Спудей. Мне нечего возразить.

Гедоний. Тогда скажи, неужели ты думаешь, что те, кто изо всех сил и с твердой надеждою спешит к вечности, мучаются тяготами этой жизни — в особенности когда переход так непродолжителен?

Спудей. Нет, не думаю, — были бы только твердое убеждение и твердая надежда на успех.

Гедоний. Теперь перехожу к отрадам, о которых ты упомянул. Да, эти люди не участвуют в плясках и пиршествах, не любуются зрелищами, но, пренебрегая ими, наслаждаются иными удовольствиями, намного более приятными; они радуются не менее прочих, но по-иному. «Не видел того глаз, не слышало ухо и не приходило то на сердце человеку, что приготовил бог любящим его»[737]. Святой Павел знал, каковы песни, пляски, хороводы и пиршества благочестивых душ даже и в этой жизни.

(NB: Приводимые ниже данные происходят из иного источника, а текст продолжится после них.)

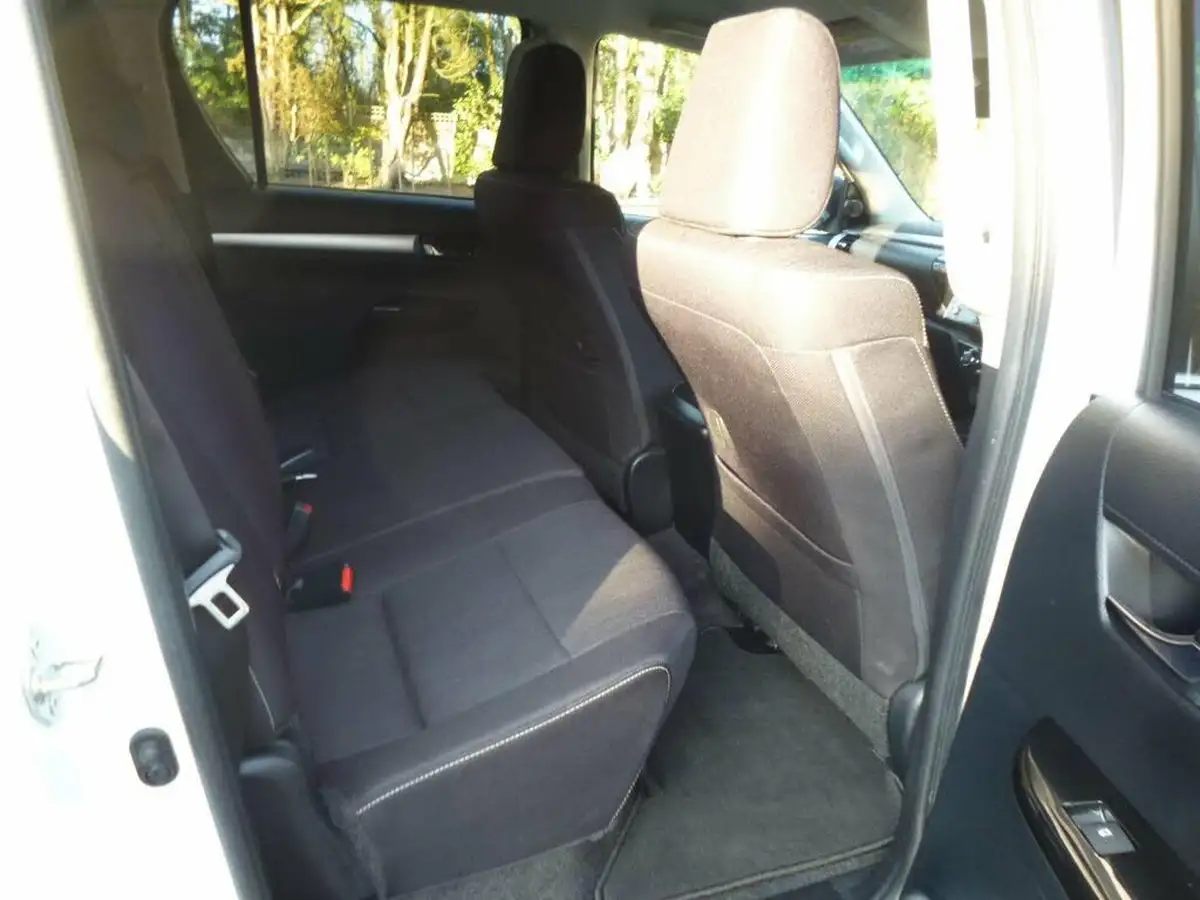2021-toyota-hi-lux-24d-4d-invincible-150hpeu6d-auto-big-22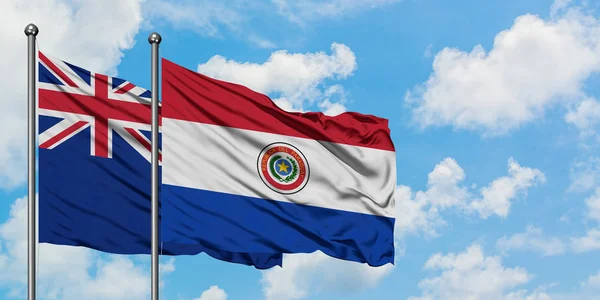 Nowa Zelandia i Paragwaj flaga machając w wiatr przed białym zachmurzone błękitne niebo razem. Koncepcja dyplomacji, stosunki międzynarodowe. — Zdjęcie stockowe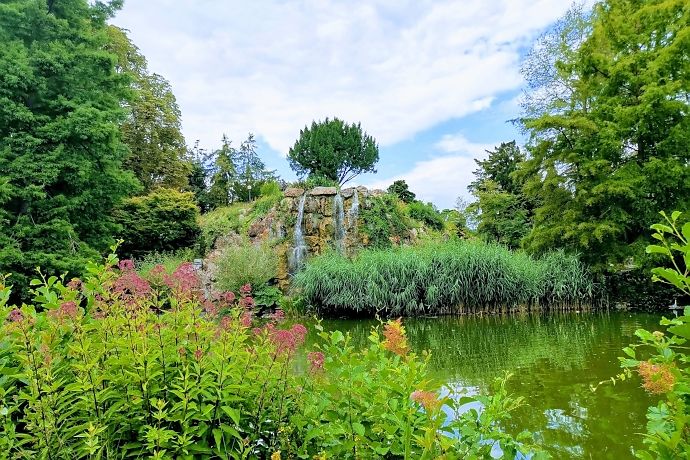 Palmengarten Frankfurt mit Wasserfall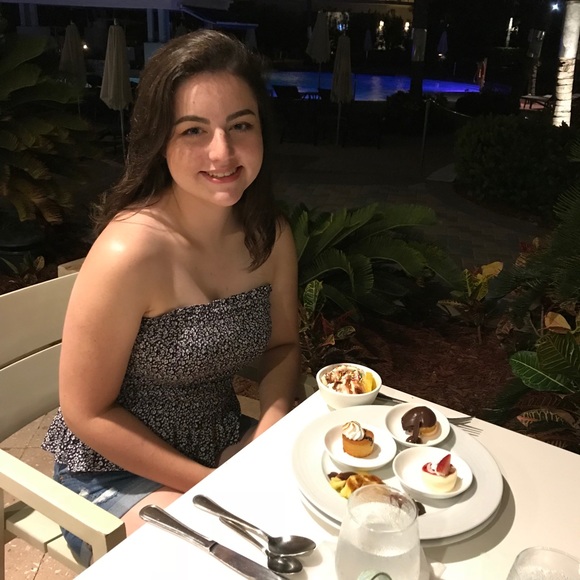 Meet your Posher, Alicia - Picture 3 of 8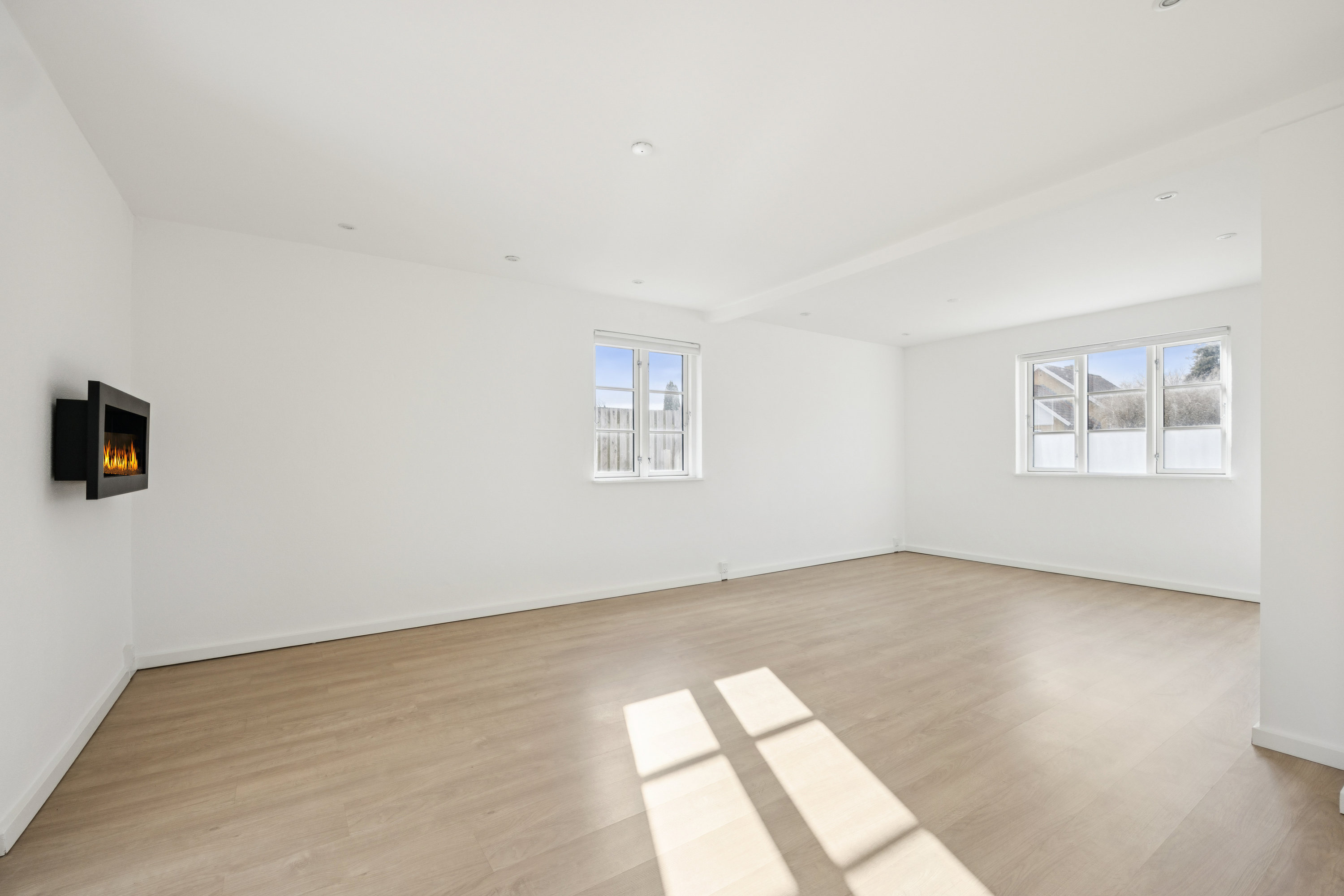 Fremhævet stue billede i fuldskærmstilstand. Billede af Vordingborgvej 81, 4600 Køge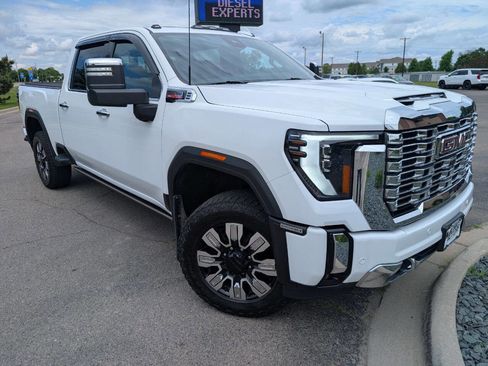 Used 2024 GMC Sierra 2500 Denali w/ Denali Reserve Package AWD/4WD image 3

Спудей. Но есть и дозволенные удовольствия, которые, однако ж, они сами себе воспрещают.

Гедоний. И в дозволенных радостях чрезмерность непозволительна; если же ее исключить, те, кто на первый взгляд ведет жизнь и суровую и тягостную, выигрывают во всем. Может ли быть зрелище великолепнее, чем созерцание нашего мира? А ведь божьи любимцы извлекают из него гораздо больше удовольствия, чем иные. Иные, разглядывая любопытным взором дивное это творение, в душе испытывают тревогу оттого, что причины многого остаются для них непостижимы. Иногда они даже, точно Момы какие-то, ропщут на творца, нередко зовут природу не матерью, но мачехой, и это оскорбление только на словах направлено против природы, а по сути падает на того, кто ее создал, если вообще возможно такое понятие — «природа». А человек благочестивый с душевным удовольствием, взором благоговейным и простосердечным глядит на дела господа и Отца своего; всему он дивится, ничто не порицает и за все благодарит, размышляя о том, что каждая вещь создана ради человека; и, созерцая отдельные вещи, он поклоняется мудрости и благости создателя, следы которых прозревает в создании. Представь себе дворец, в точности такой, какой Апулей придумал для Психеи[738], или, — если сможешь, — еще более пышный и прекрасный, приведи туда двух зрителей, одного — чужеземца, который для того только и явился, чтобы посмотреть, другого — слугу или сына зодчего, воздвигнувшего здание. Кто будет радоваться больше — пришелец, которому этот дом чужой, или сын, с восторгом узнающий в этом строении ум, богатство и щедрость любимого отца, особенно когда он вспоминает, что все выстроено ради него и для него?

вернуться

735

Мощь (греч.).

вернуться

736

Этот запрет — одно из многих, часто совершенно непонятных и необъяснимых правил, которые составляли своего рода устав древних пифагорейцев. Эразма, по-видимому, они очень занимали: он приводит все «Пифагоровы символы» (как он их называет) в самом начале «Адагий» (Первая тысяча, Первая сотня, пословица вторая), именно ради интереса к ним и без всякой нужды для комментируемой пословицы.

вернуться

737

«Первое послание к Коринфянам», II, 9.

вернуться

738

Имеется в виду знаменитая «вставная новелла» об Амуре и Психее в романе Апулея «Золотой осел» (IV, 28—VI, 24) и сказочный дворец, в котором живет Психея с неведомым супругом (Амуром).